Reproduce every record exactly as given.

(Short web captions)
[Start of section]
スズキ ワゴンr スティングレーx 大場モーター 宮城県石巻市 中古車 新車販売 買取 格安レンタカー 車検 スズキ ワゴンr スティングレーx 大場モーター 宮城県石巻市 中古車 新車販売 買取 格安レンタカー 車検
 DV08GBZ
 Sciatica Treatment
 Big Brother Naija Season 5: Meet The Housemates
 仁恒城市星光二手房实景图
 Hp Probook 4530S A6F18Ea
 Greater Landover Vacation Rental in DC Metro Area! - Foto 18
[End of section]
**RESPONSE TO THE TASK:**
スズキ ワゴンr スティングレーx 大場モーター 宮城県石巻市 中古車 新車販売 買取 格安レンタカー 車検 スズキ ワゴンr スティングレーx 大場モーター 宮城県石巻市 中古車 新車販売 買取 格安レンタカー 車検
 DV08GBZ
 Sciatica Treatment
 Big Brother Naija Season 5: Meet The Housemates
 仁恒城市星光二手房实景图
 Hp Probook 4530S A6F18Ea
 Greater Landover Vacation Rental in DC Metro Area! - Foto 18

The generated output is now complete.